Я люблю панораму Босфора, и хотя уже неоднократно любовался ею и прежде, но счел бы грехом не доставить себе еще раз такого высокого наслаждения, и чуть лишь забрезжило на востоке, я уже был на мостике. И вот из-за плотных грозовых туч, низко скопившихся вдали над горизонтом, выплыл наконец на голубой простор багровый солнечный диск, облив полнеба и полморя и видневшиеся кое-где паруса золотисто-розовым заревом. Теперь "Цесаревич" уже полным ходом двинулся прямо к Босфору.
Вот они опять предо мной, эти древние, обвитые плюшем башни, что рассеяны по вершинам прибрежных возвышенностей, и эти старые форты, что насели внизу у подошвы гор, над самым Босфором. Вот форт Мивеаница, вот Пойрас бурну, Буюк-лиман и прочие, некогда столь грозные для неприятеля, ныне же имеющие свое значение только для художника да разве еще для археолога. Теперь две земляные, современного типа батареи, вооруженные несколькими Круппами и Армстронгами[4], почитаются совершенно достаточными, чтобы запереть вход в Босфор гораздо надежнее целого ряда древних каменных фортов с высокими массивными стенами, где однако же турки и доселе содержат зачем-то свои гарнизоны, вероятно, ради казарменных помещений.

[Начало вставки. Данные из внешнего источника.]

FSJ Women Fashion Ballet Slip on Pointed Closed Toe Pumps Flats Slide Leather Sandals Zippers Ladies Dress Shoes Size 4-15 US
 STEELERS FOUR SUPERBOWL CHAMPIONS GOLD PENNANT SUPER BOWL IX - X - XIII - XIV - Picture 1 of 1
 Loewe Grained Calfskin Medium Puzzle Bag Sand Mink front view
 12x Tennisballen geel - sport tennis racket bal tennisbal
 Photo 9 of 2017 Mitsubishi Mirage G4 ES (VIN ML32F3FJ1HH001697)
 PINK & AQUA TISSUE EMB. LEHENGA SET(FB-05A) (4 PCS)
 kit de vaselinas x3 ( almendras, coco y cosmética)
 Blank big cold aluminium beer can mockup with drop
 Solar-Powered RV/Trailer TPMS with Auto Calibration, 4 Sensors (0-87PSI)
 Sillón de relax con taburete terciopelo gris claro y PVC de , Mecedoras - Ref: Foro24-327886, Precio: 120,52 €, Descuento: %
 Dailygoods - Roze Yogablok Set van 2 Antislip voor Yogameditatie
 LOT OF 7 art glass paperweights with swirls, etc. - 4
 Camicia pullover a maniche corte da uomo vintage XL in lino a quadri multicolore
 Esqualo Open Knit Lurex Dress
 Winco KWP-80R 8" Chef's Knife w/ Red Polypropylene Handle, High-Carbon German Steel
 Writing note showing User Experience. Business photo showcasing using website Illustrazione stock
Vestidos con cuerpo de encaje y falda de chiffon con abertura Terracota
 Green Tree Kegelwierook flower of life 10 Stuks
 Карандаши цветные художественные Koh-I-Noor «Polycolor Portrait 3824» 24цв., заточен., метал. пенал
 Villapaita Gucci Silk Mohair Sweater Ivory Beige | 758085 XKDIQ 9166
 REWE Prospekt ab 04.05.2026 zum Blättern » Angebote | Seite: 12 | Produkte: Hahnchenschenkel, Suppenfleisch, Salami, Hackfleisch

Перед одним из таких фортов "Цесаревич" остановился и послал на берег старшего офицера предъявить патент о здоровье. Спустя минут двадцать он возвратился, но пароход наш все еще не двигался с места. Оказалось, что к нам пожаловала местная санитарная комиссия и полезла в трюмы, где помещался рогатый скот, везомый в Стамбул на продажу. Слышатся между пассажирами разговоры, что не пропускают далее, желая подвергнуть судно на неопределенное время строгому карантину, так как рогатый скот найден будто бы больным и даже зачумленным. Это был очевидный вздор, потому что быки и коровы, насколько их можно было видеть в широкие люки просторного трюма, сохраняли вполне бодрый, здоровый вид и обрадовались дневному свету, даже подняли мычанье, словно протестуя этим против несправедливых заключений санитарной комиссии. Тем не менее, турецкие чиновники, бормоча что-то между собою, сильно жестикулировали отрицательным образом и головой, и руками на все доводы, представляемые им пароходным толмачом, и строили самые недовольные, озабоченные физиономии, как бы желая изобразить этим не только всю государственную важность своих трюмных открытий, но и всю свою чиновничью непреклонность и граждански доблестную неподкупность.
Наш почтенный капитан, глядя на все это, принял наконец досадливо озабоченный вид.